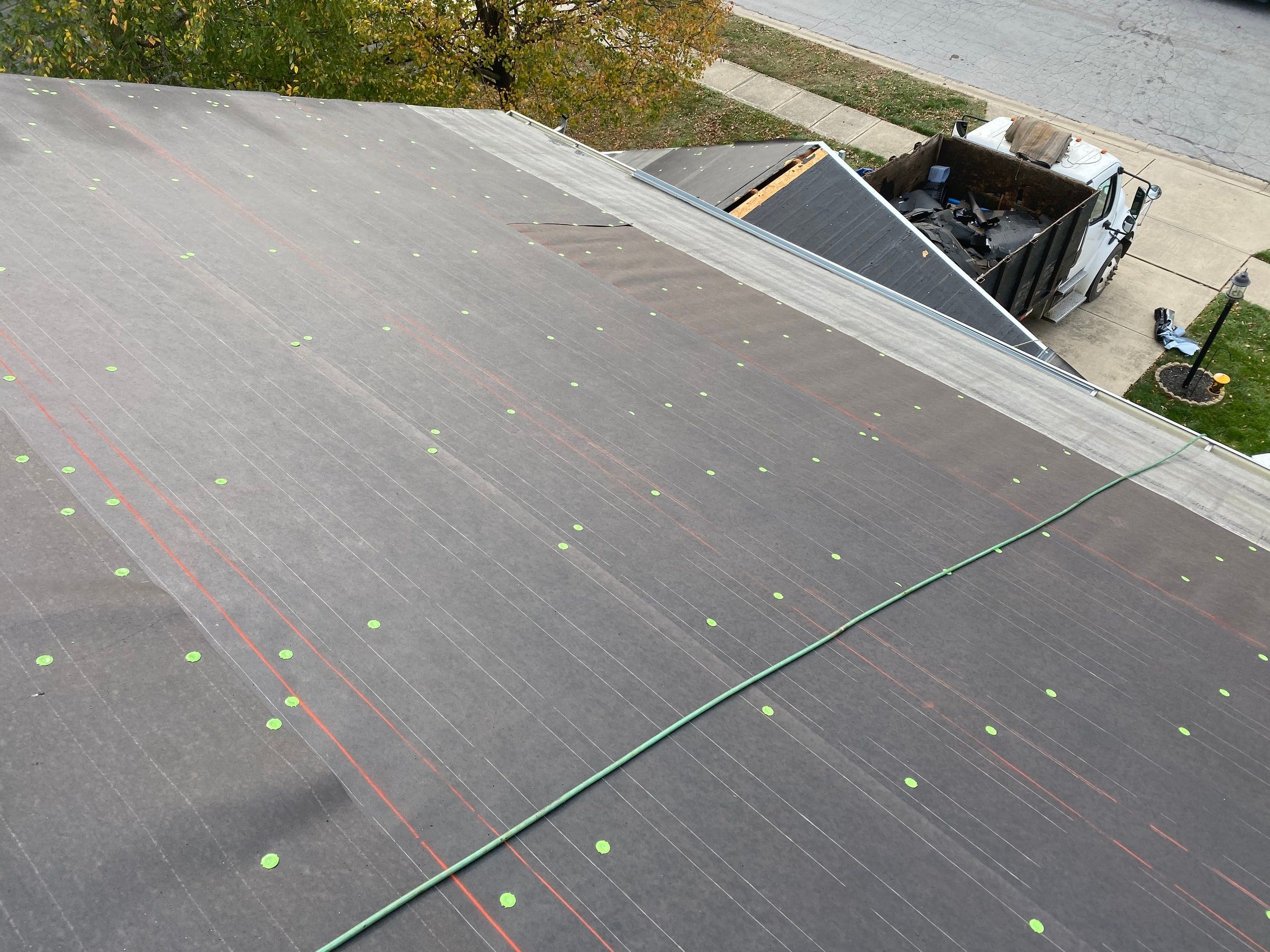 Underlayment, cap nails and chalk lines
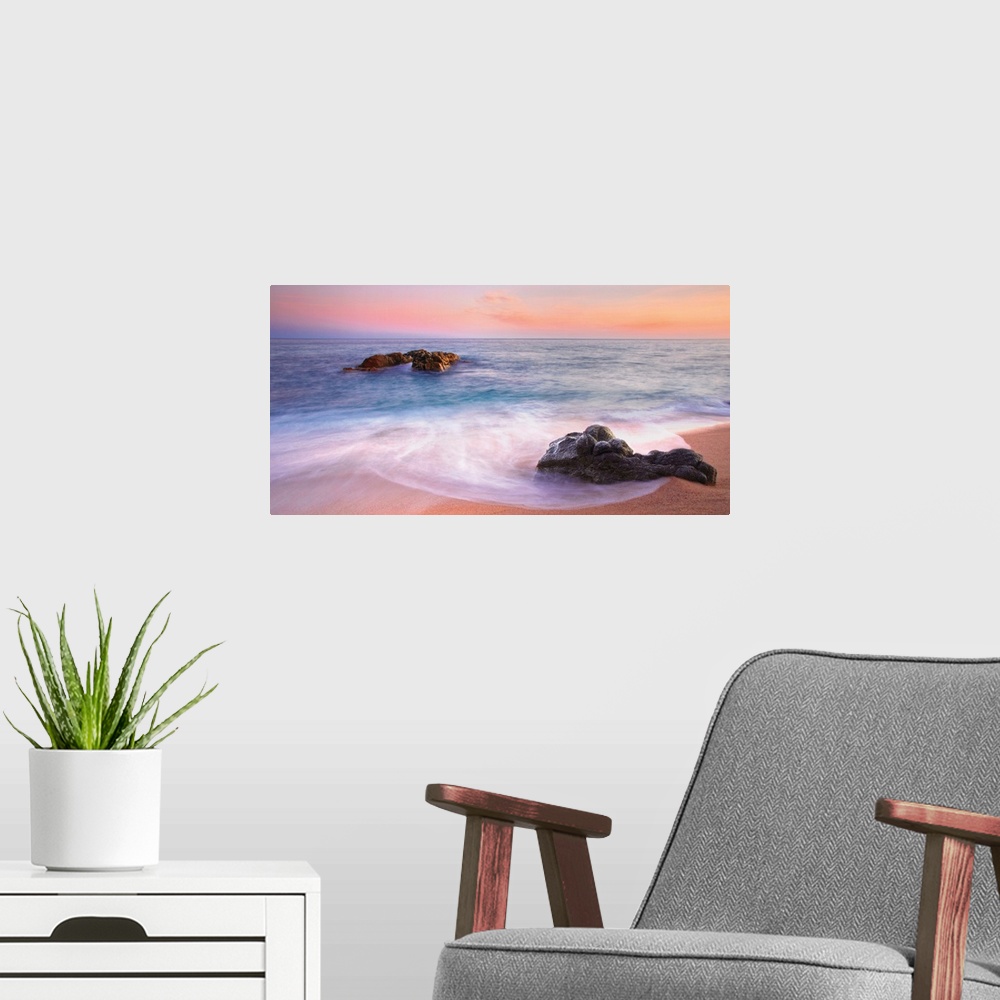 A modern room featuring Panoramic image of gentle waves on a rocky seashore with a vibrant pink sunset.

==

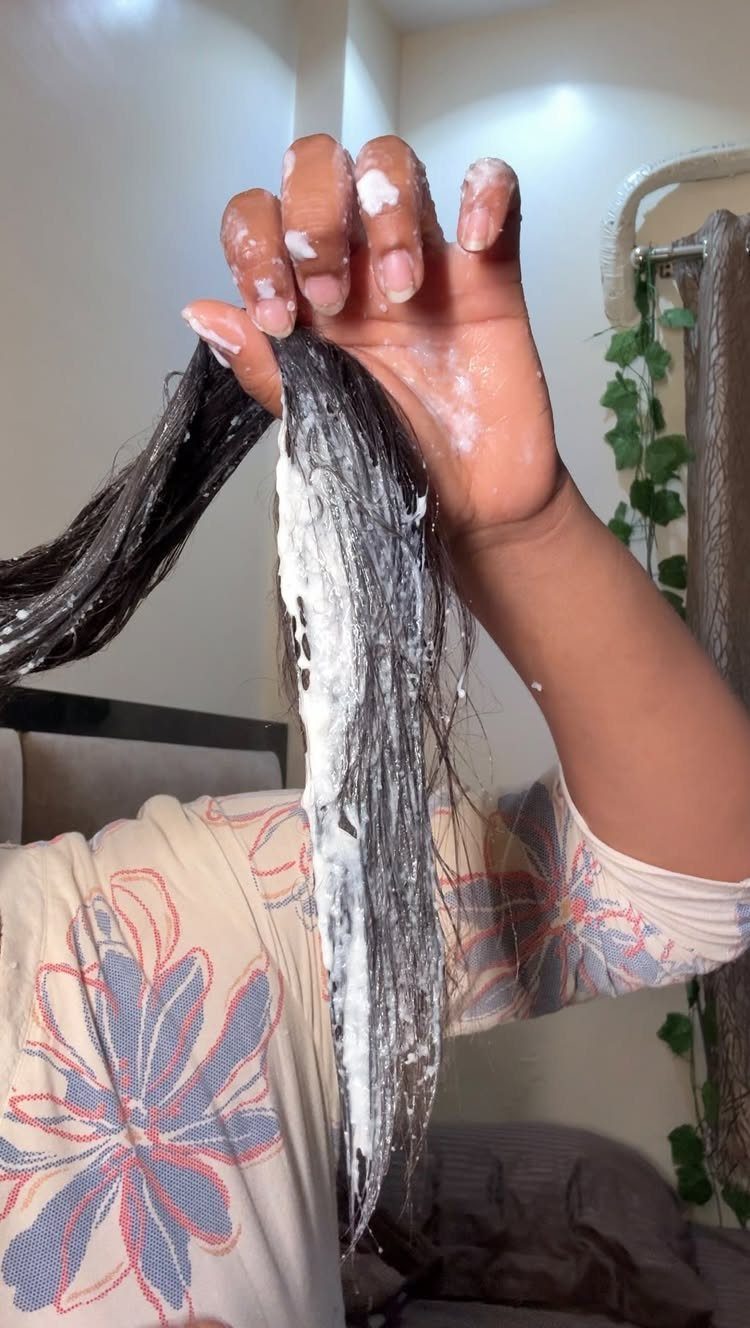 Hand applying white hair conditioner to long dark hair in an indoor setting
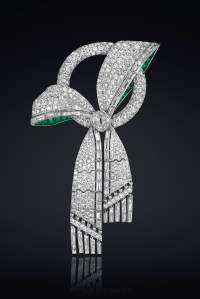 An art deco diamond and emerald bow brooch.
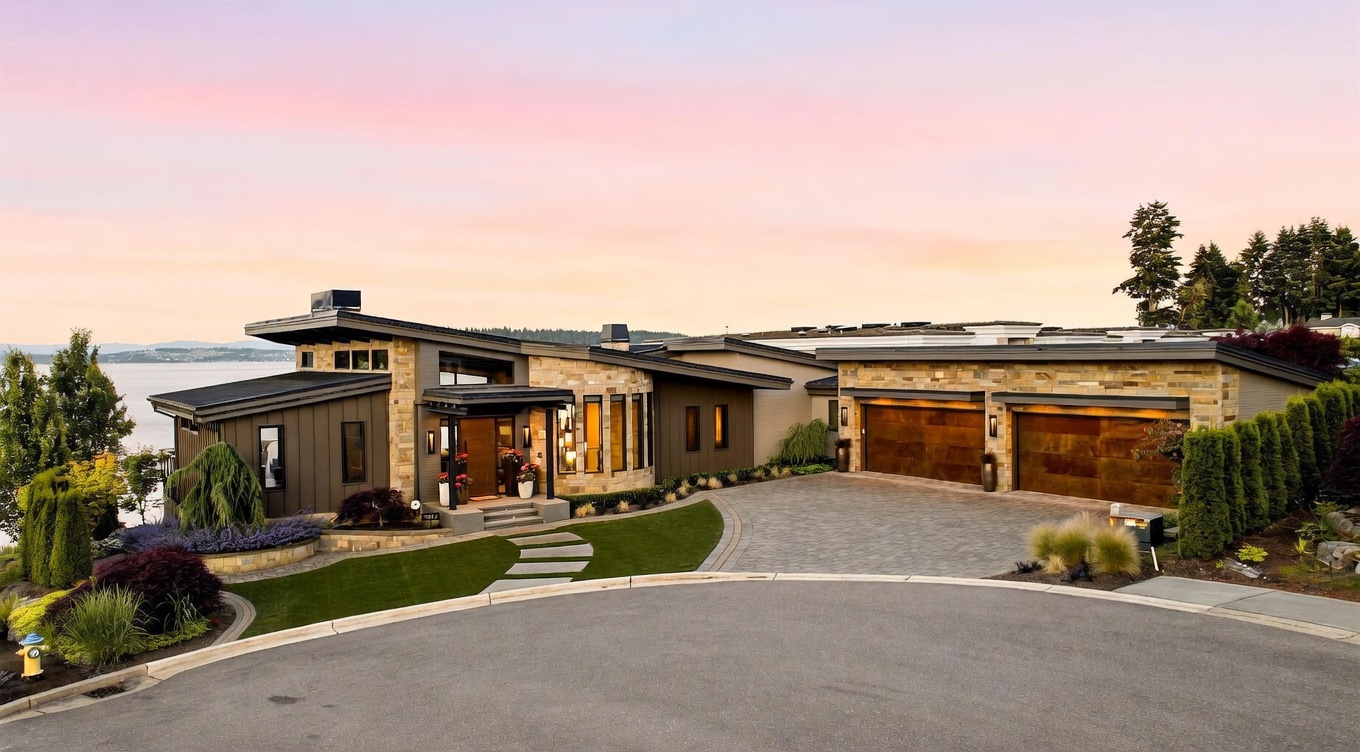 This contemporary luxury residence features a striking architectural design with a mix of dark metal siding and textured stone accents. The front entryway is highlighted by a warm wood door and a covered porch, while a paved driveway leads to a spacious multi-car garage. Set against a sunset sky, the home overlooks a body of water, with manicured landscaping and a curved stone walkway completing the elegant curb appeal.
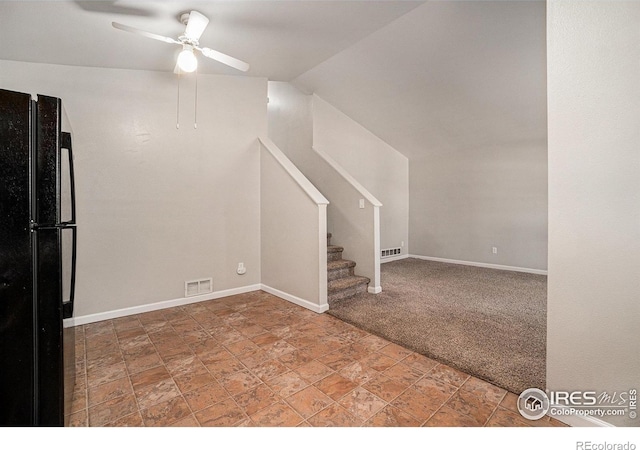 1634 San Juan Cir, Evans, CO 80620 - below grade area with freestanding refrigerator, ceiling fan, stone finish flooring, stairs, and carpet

--

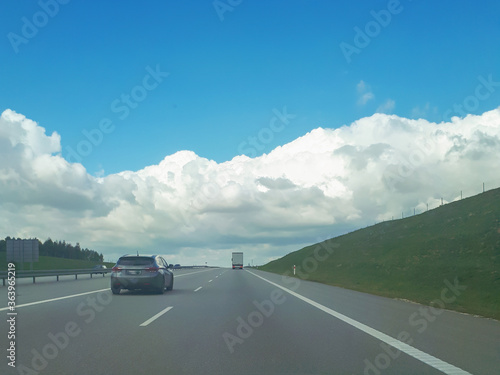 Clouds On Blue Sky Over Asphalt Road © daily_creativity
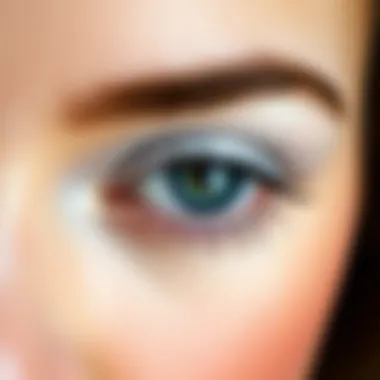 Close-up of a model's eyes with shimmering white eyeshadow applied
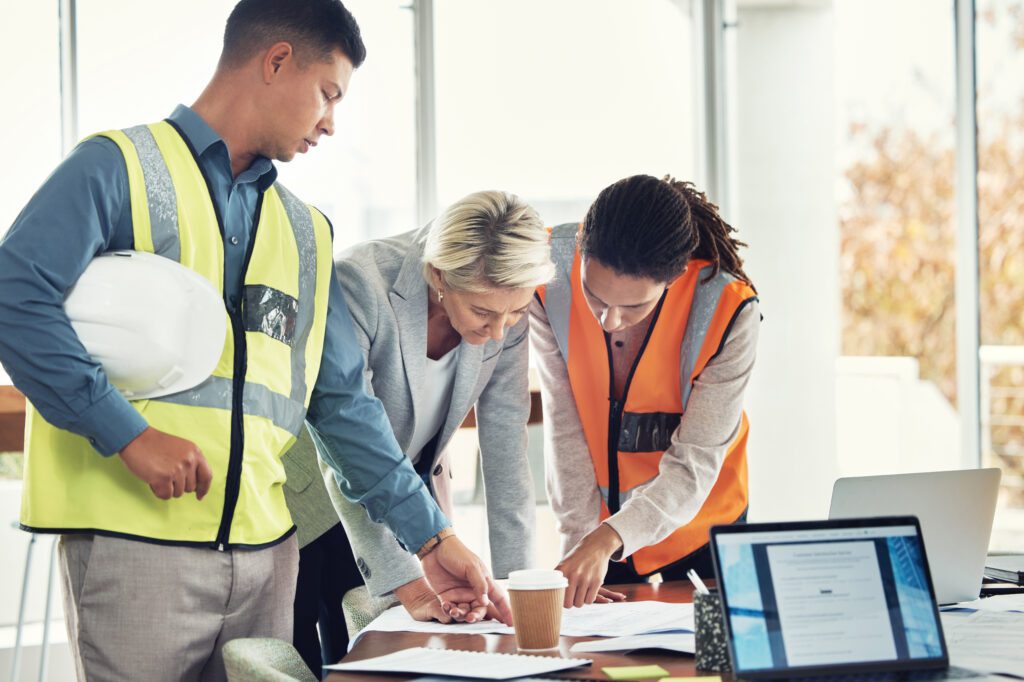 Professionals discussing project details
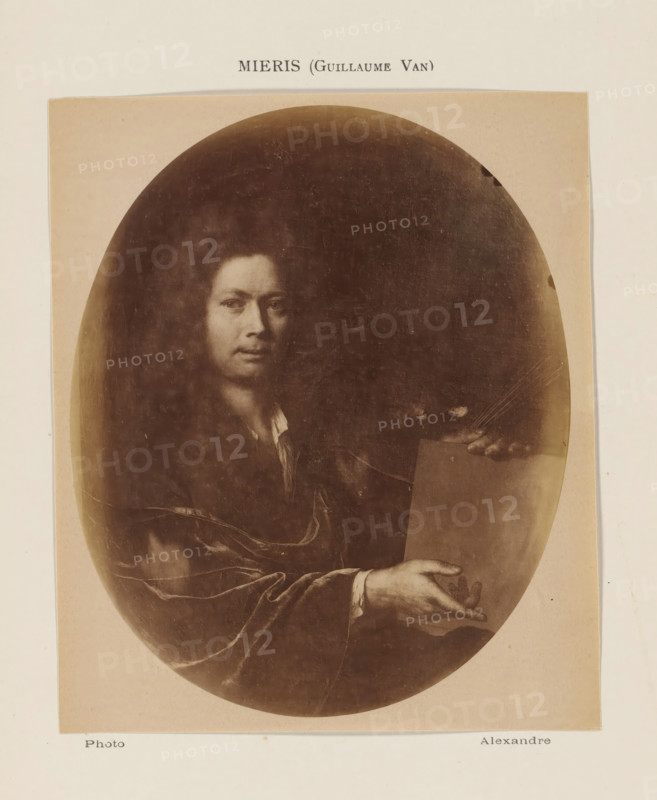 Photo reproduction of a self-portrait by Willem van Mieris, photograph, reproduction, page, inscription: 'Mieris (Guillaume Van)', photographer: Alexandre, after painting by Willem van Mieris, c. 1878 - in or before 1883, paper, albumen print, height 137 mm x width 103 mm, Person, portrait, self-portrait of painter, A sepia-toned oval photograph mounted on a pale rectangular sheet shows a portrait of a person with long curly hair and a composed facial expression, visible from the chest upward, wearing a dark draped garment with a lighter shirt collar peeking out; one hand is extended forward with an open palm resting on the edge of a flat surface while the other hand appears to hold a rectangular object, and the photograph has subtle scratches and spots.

> _Task directions_: With the pictures removed, print only the lines starting at the line that has "Underlayment, cap nails and chalk lines" and ending at the line that has "A modern room", both ends included, exactly as they stand above.

> _Result for this exercise_:
 Underlayment, cap nails and chalk lines
 A modern room featuring Panoramic image of gentle waves on a rocky seashore with a vibrant pink sunset.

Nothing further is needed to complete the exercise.